In WinBatch documentation and examples, CLR hosting is almost always referred to as dotNet.  This is because ".Net" is a marketing name owned by Microsoft whereas "dotNet" is generic.  CLR (Common Language Runtime) is the name of a component of Windows and on other operating systems that is the virtual machine, hosted by the WinBatch process that executes the code inside dotNet assemblies.  The FCL (Framework Class Library) is the implementation of a standardized set of language-agnostic classes that are also a part of the Windows operating system and available on other operating systems.  On Windows, assemblies are simply DLL files that contain the implementation of one or more classes.  On other operation systems, assemblies may be implemented in files that have different extensions but serve the same purpose.

Probably the best way to learn new scripting skills is by doing. Pick a simple project and give it a try using the available resource mentions in the following paragraphs.  If you need a "step-by-step" example to get started, there are over 100 examples in the Tech Database:

https://techsupt.winbatch.com/webcgi/webbatch.exe?techsupt/nftechsupt.web+WinBatch/dotNet

If you look at the examples in this topic, you will find that there are basically three functions that implement CLR hosting in WinBatch.  Those functions are all documented in the Consolidated WIL Help file.  Reading that documentation should be where you start.  Next, spend some time looking at a few of the numerous examples in the Tech Database.  Once you gain some familiarity you can use the literally many thousands of examples on the Web written in a variety of language that either easily or with some effort translated to WIL.

The primary source information is Microsoft's own .Net documentation of the Framework Class Library.  If you want more background, you should look at the COM help file that is part of the Consolidated WIL Help file. You will notice that the three .Net functions that makeup WIL's interface to .Net mirror three of WIL's COM Automation functions. There is a reason for this.  Almost all of the knowledge related to using COM Automation in WIL is transferable to using dotNet/CLR hosting/.Net in WIL.     
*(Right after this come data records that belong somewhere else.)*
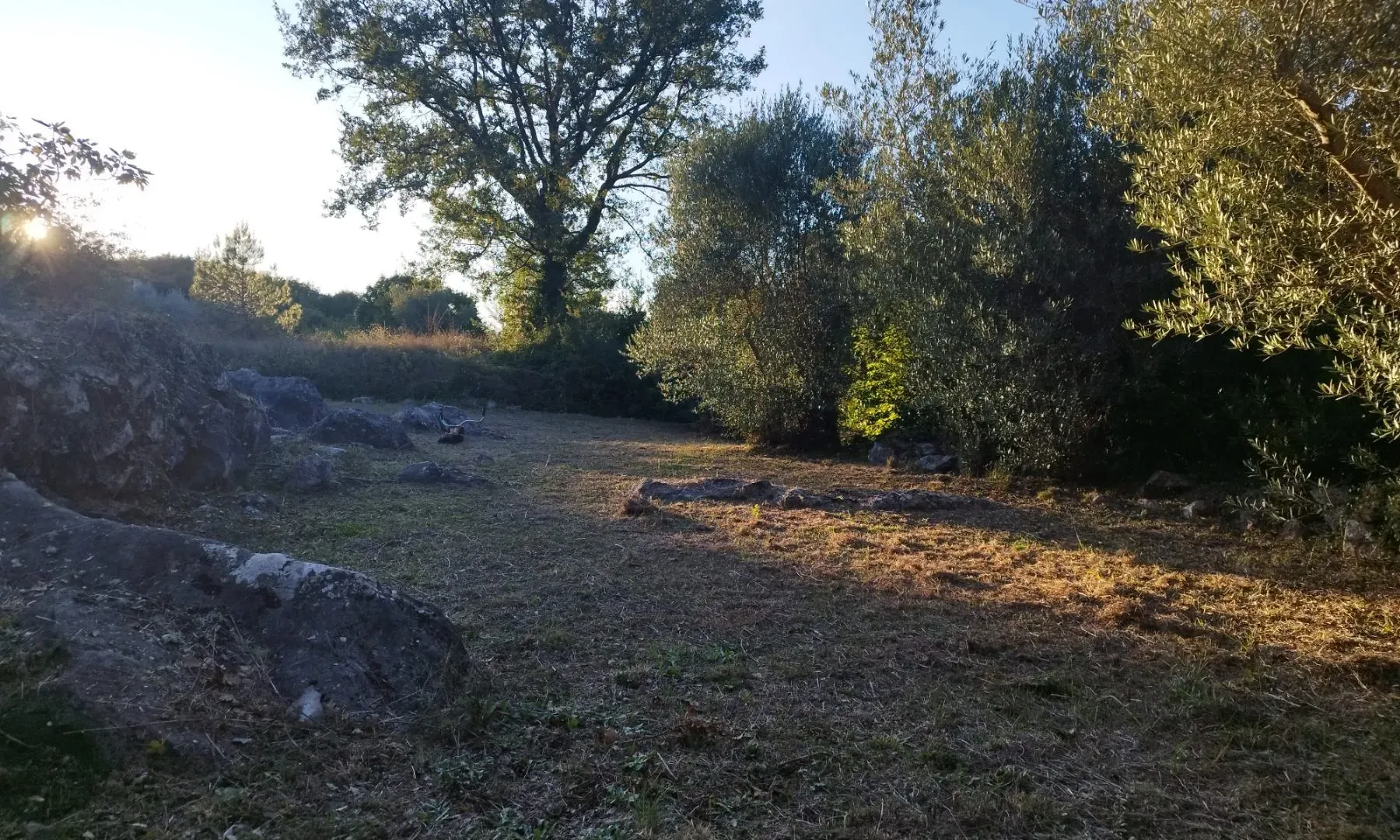 Prodaja, plac, 1100m², Kotor, Crna Gora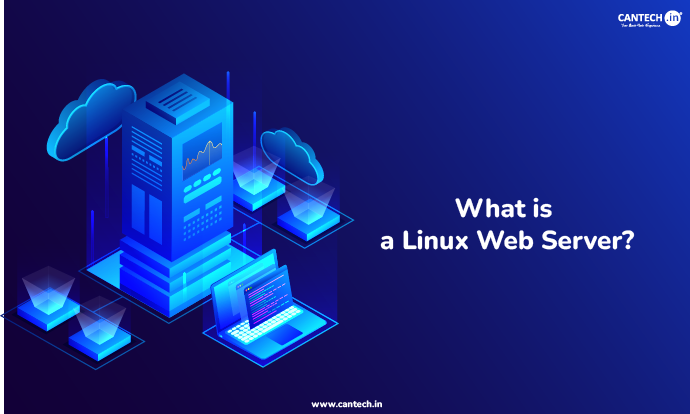 What is a Linux Web Server?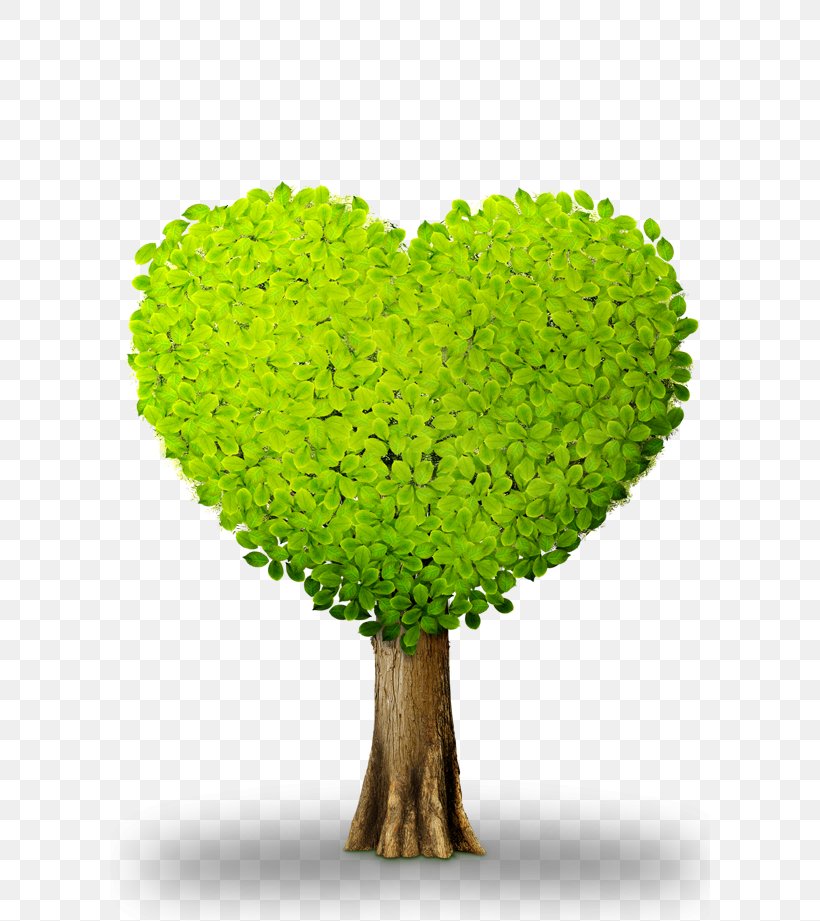 Heart Plant Download Green Chemical Element, PNG, 600x921px, Photography, Flowerpot, Fukei, Grass, Green Download Free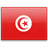 
                Tunisia Visa
                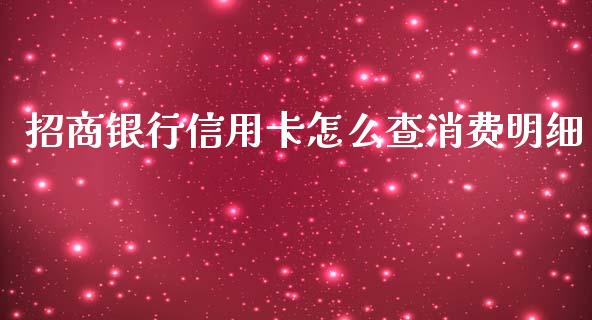 招商银行信用卡怎么查消费明细_https://www.gongyisiwang.com_广发期货手续费_第1张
That is not to say that it is "easy".  Learning how to us WIL CLR hosting cannot be learned in one sitting via some tutorial and it does require some patience and a bit of skill using a Web search engine (ability to construct multiple search terms, for example.)  But it is well within the skill set of the average WinBatch user and does not require being a professional developer.  We know this because of the number of questions, comments, and posts we receive from users doing exactly that. 

Also, you are misinterpreting the statement "WinBatch scripts cannot be compiled into CLR applications or assemblies."  That statement means that WIL scripts cannot be compiled into .Net assemblies or executables. However, it does not mean that WIL scripts that use .Net assemblies cannot be compiled into native code Windows executables.   

Give it a try on some small project.  It isn't as daunting as it seems.

"No one who sees a peregrine falcon fly can ever forget the beauty and thrill of that flight."
  - Dr. Tom Cade

kdmoyers

Quote from: JTaylor on September 24, 2019, 06:57:38 AM
Or could use what I posted which is all WinBatch, an exe, and does most everything you mentioned  ;)

Jim
Well, if you want to do it the easy way, sure. (laugh) 
Thanks Jim!
The mind is everything; What you think, you become.

stanl

Quote from: kdmoyers on September 25, 2019, 04:26:22 AM
Quote from: JTaylor on September 24, 2019, 06:57:38 AM
Or could use what I posted which is all WinBatch, an exe, and does most everything you mentioned  ;)

Jim
Well, if you want to do it the easy way, sure. (laugh) 
Thanks Jim!


Certainly a win-win for the OP. If OP has version >=2013 then CLR is a learning experience, otherwise an out-of-the-box WB exe. Personally I have found the PS one-liner is about as close to GREP as windoze can get. Furthermore results can be tested without extra WB de-bugging.